トロロッソ・ホンダSTR13は元々低速コーナーが速く、アウトドローモ・エルマノス・ロドリゲスは見た目以上に低速コーナーが多いためこれがマッチした。さらに、空気が薄くどのチームもマキシマムダウンフォースの空力パッケージで走るだけに、STR13が抱える不利のひとつである空力効率の悪さ、つまりドラッグの大きさもいつもよりは小さくなる。

「コース特性自体は僕らのマシンに合っていると思う。いくつかのビッグブレーキングがあり、低速コーナーも多い。ロードラッグで空力効率がそれほど求められないということもある。エンジニアたちが高地に対してしっかりと対応できれば、コンペティティブな走りができるんだ」

 そう語っていたブレンドン・ハートレーは、グリッド降格ペナルティを受ける必要がなく、メキシコGP初日から常にトップ10圏内につけてみせた。

 第17戦日本GPからメカニカル面に手を加え、車体のレイク(前傾角)セッティングを改善し空力パフォーマンスを安定させるべく努力してきたこともあるが、トロロッソが完成させた新型空力パーツの効果も大きかった。フロントウイングの翼端板、ポッドフィン、フロアに手を加えてきた。

 アメリカGPではガスリー車に装着して試したが「メリットもデメリットも無いような感じ」(ガスリー)だった。しかしデータを分析しセットアップを手直しすることでメキシコGPではこれを装着したハートレー車が見違えるような走りを見せるようになった。

 シミュレーション上では0.05秒ほどの効果しか想定していなかったというが、STR13の弱点であった切り返しで車体に当たる風向きが変わる際のダウンフォース量変化の過敏さがスムーズになり、ドライバーがより安心して限界まで攻められるようになったことでそれ以上の効果をもたらすことになった。

「今回のアップデートはコーナーの入口や出口が前後のコーナーと繋がっているようなところでのリヤのダウンフォース量や空力バランス変化に効果を発揮するようなものだ。コーナリング中のマシンバランスの変化が、まさに僕がシーズンを通してずっとチームに改善を要求してきたことだったんだ。それによって僕は気持ち良く走ることができるようになったし、それがタイムシートの結果にも表われている」(ハートレー)

 Q3進出、つまりトップ10を窺う実力はあるとチームはみていた。

 しかしハートレーはQ2のアタックラップで細かなミスを繰り返し、それを取り戻そうとしてターン12で攻めすぎてロックアップしてしまい、予選14番手に終わってしまった。
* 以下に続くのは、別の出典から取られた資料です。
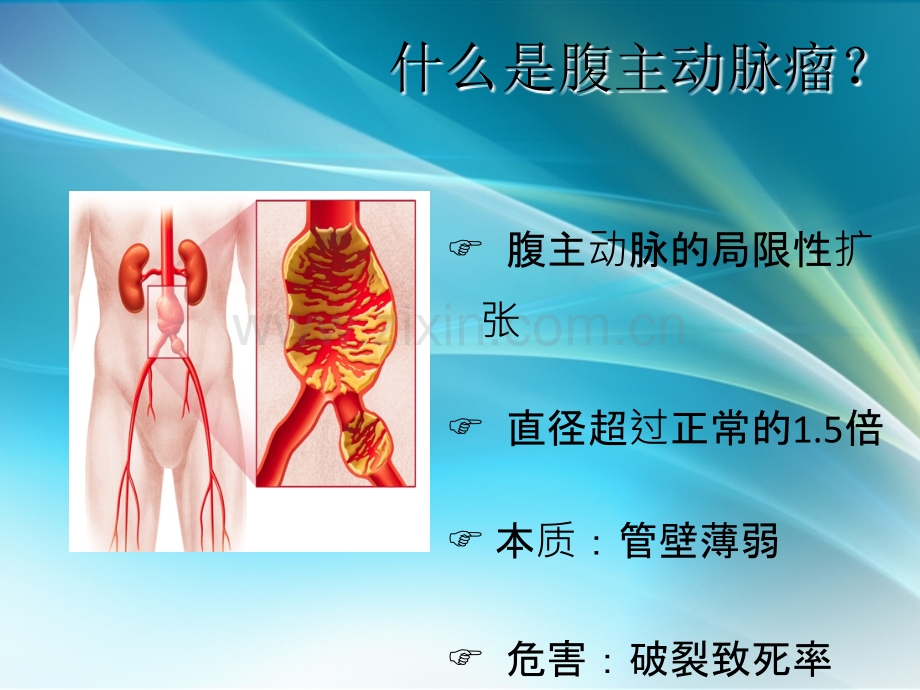 腹主动脉瘤(田静).ppt_第3页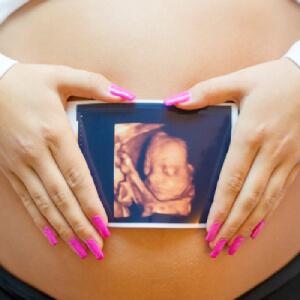 Imagem relativa a ultrassonografia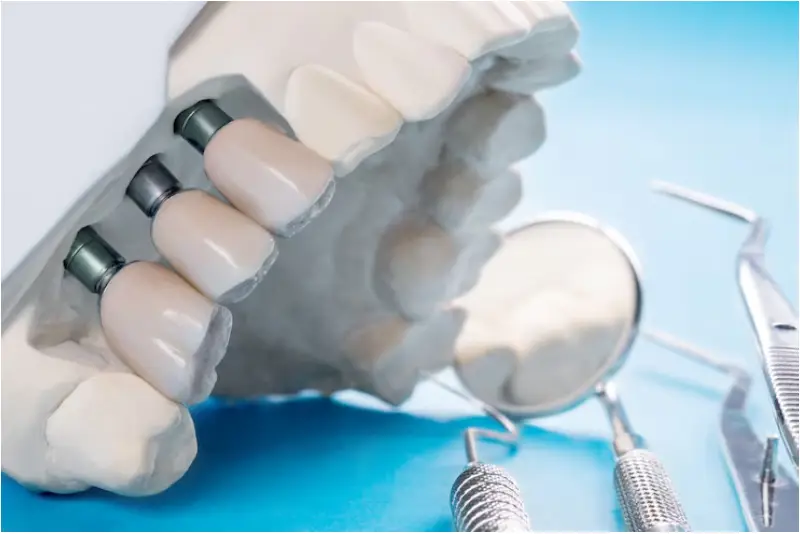 All-on-x dental implants pembroke pines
「Q1は2ランして10番手でとても上手くいったし、実際のところ今日の僕らの実力はその辺りだったと思う。Q2では新品のハイパーソフトタイヤが1セットしかなくて1回目のランは中古で走らなければならなかった。つまりQ2最後の1ショットしかなかったんだ。最終セクターで何台もマシンが繋がって渋滞していたから、タイヤ温度が充分でないままアタックラップのセクター1を走らなければならなかった。それでもQ3に行ける速さはあったと思うけど、いくつか小さなミスもあったから、最終セクターではかなりプッシュしたんだ。ターン12でフロントブレーキをロックさせてしまってその次の2つのコーナーはかなり妥協を強いられてタイムを失ってしまった」

2018年F1第19戦メキシコGP ブレンドン・ハートレー
2018年F1第19戦メキシコGP ブレンドン・ハートレー

 そして決勝でもハートレーは、スタート直後にロックアップしてフラットスポットを作ってしまい、1周目にピットインを余儀なくされた。